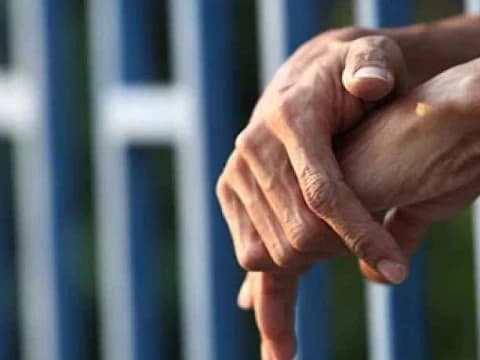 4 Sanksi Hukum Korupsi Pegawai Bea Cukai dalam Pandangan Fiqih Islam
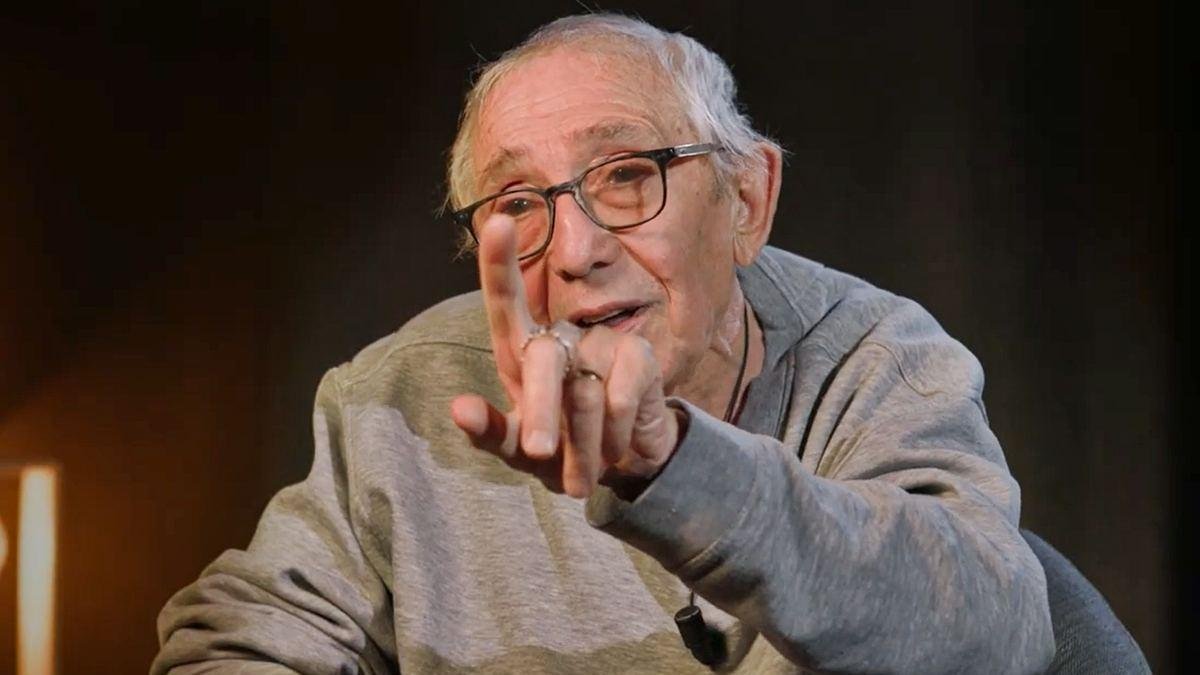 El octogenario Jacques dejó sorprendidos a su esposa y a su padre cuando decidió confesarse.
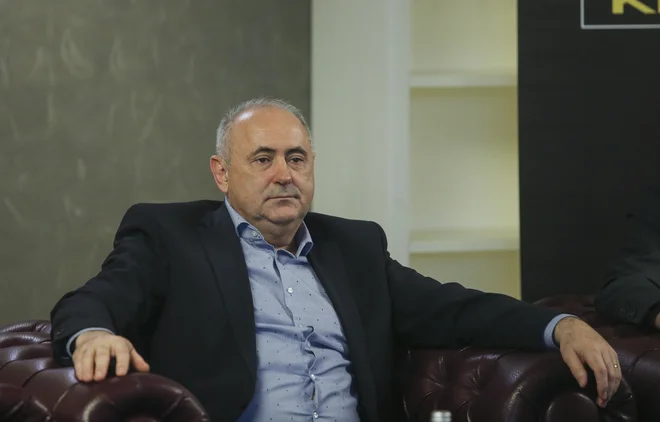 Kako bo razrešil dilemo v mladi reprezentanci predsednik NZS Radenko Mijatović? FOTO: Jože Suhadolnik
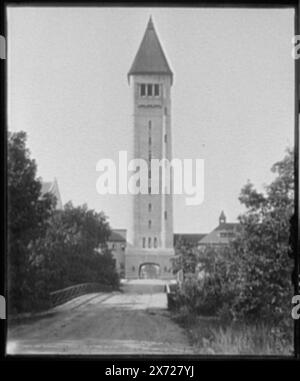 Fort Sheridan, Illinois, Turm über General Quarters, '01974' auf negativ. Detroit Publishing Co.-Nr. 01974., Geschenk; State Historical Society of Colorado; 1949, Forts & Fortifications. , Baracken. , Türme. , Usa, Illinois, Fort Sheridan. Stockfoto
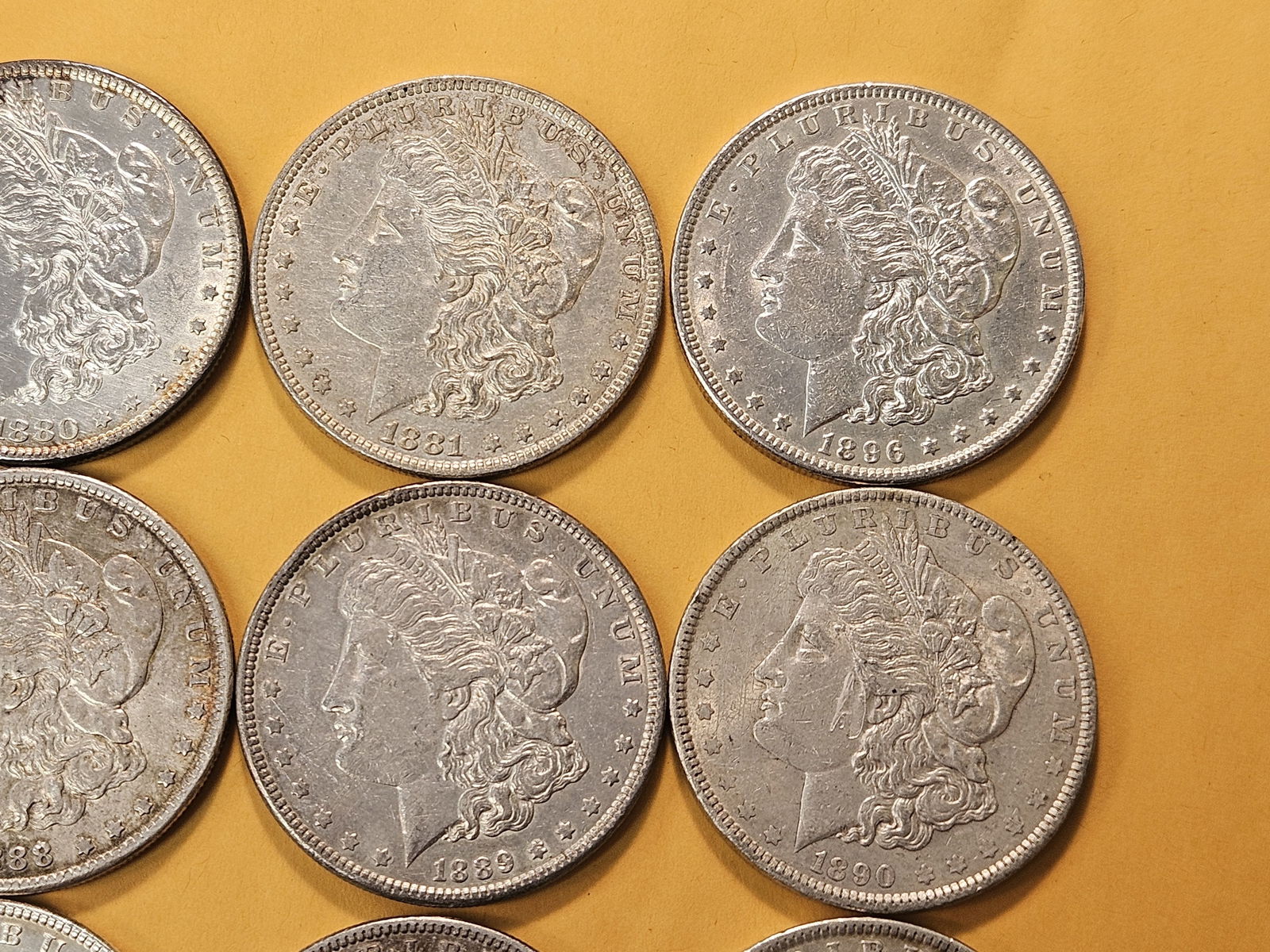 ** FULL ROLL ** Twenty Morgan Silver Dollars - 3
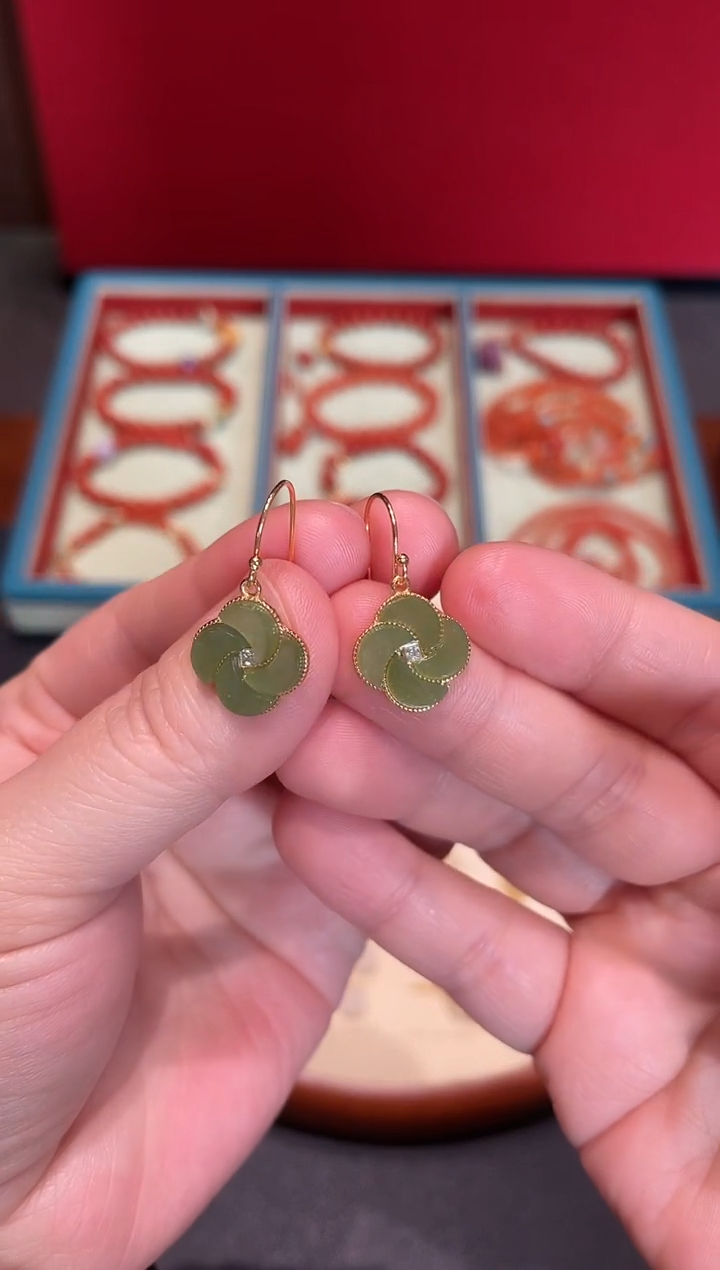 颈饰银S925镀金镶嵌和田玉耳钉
...
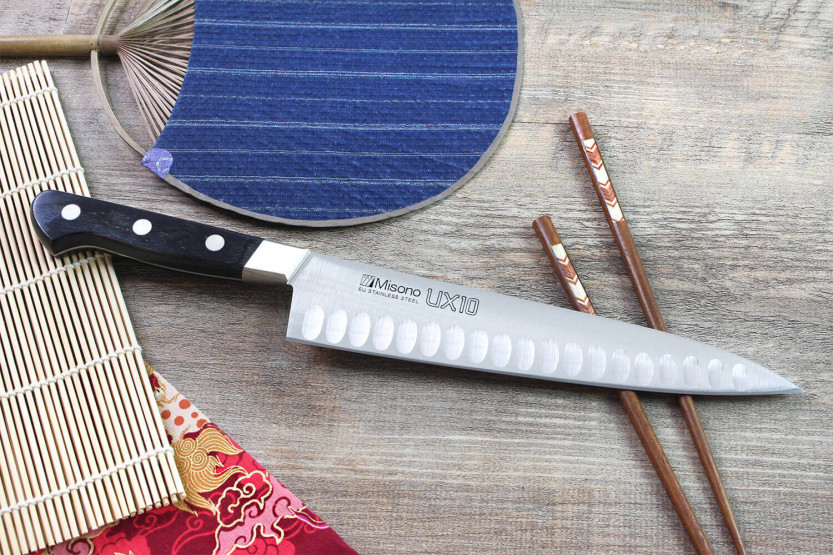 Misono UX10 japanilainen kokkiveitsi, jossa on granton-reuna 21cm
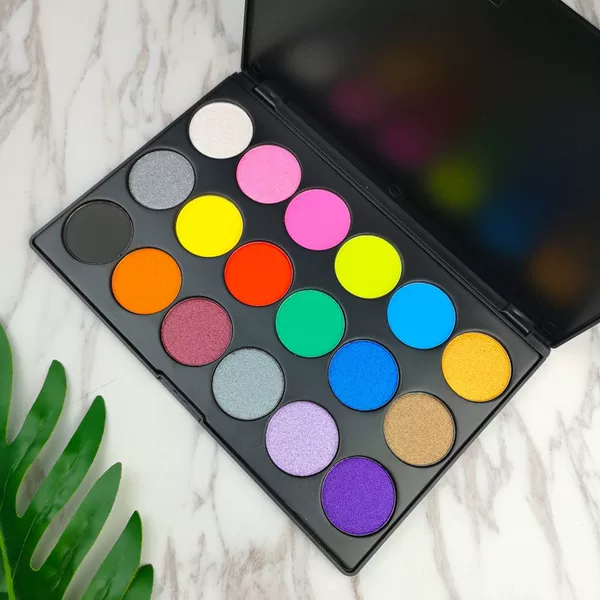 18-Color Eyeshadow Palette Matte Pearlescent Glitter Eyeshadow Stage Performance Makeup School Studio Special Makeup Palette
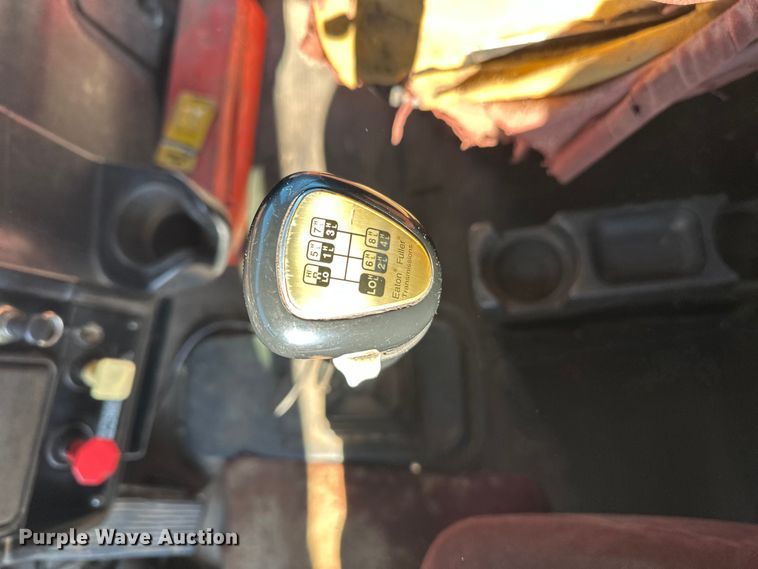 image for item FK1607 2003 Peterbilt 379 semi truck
...
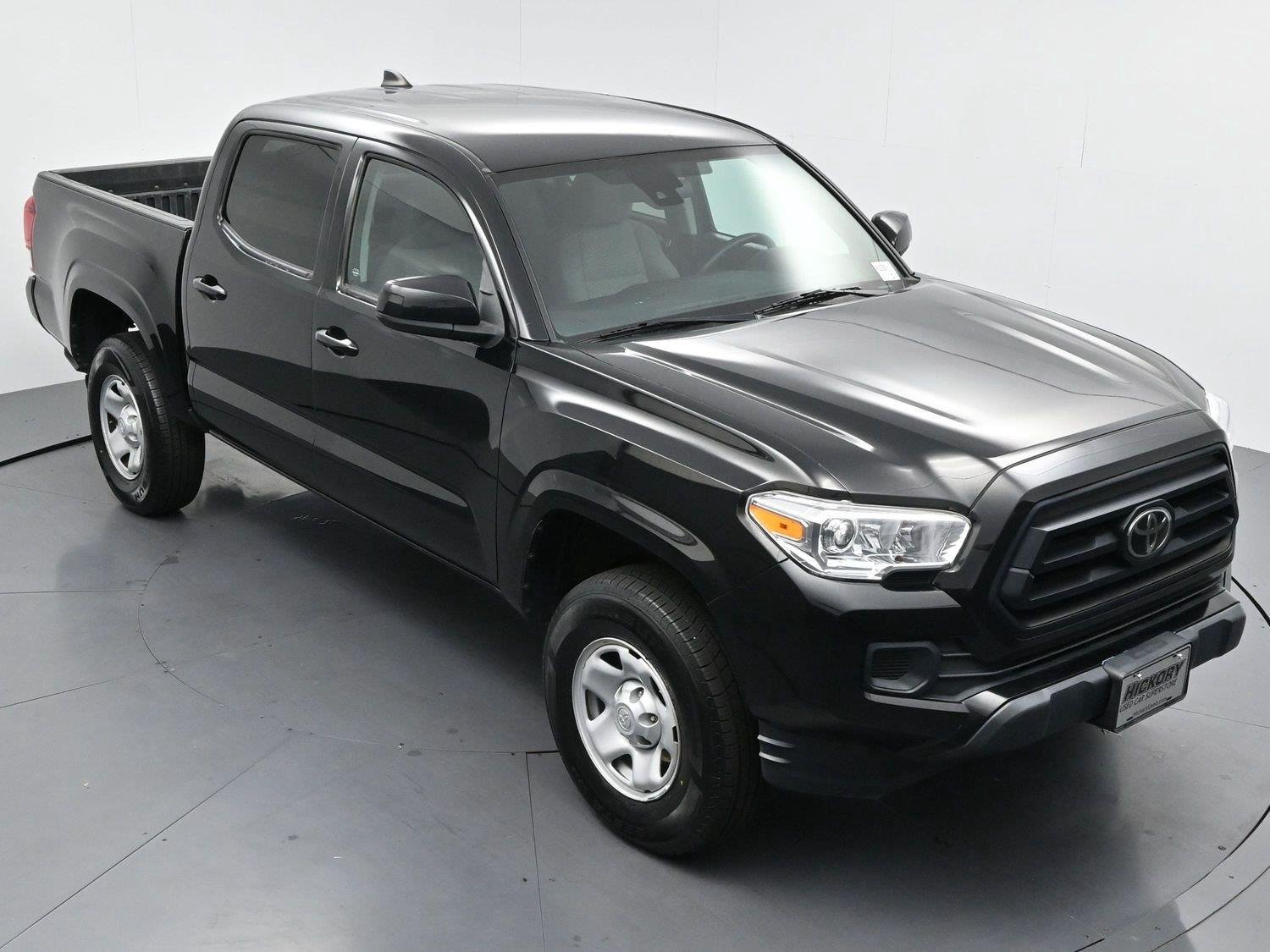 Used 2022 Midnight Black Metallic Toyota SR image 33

- [What the task asks]:
Retype only the lines above from the one with "Kako bo razrešil" through the one with "颈饰银S925镀金镶嵌和田玉耳钉", exactly and with both ends. Images stay out.

- [Written answer]:
 Kako bo razrešil dilemo v mladi reprezentanci predsednik NZS Radenko Mijatović? FOTO: Jože Suhadolnik
 Fort Sheridan, Illinois, Turm über General Quarters, '01974' auf negativ. Detroit Publishing Co.-Nr. 01974., Geschenk; State Historical Society of Colorado; 1949, Forts & Fortifications. , Baracken. , Türme. , Usa, Illinois, Fort Sheridan. Stockfoto
 ** FULL ROLL ** Twenty Morgan Silver Dollars - 3
 颈饰银S925镀金镶嵌和田玉耳钉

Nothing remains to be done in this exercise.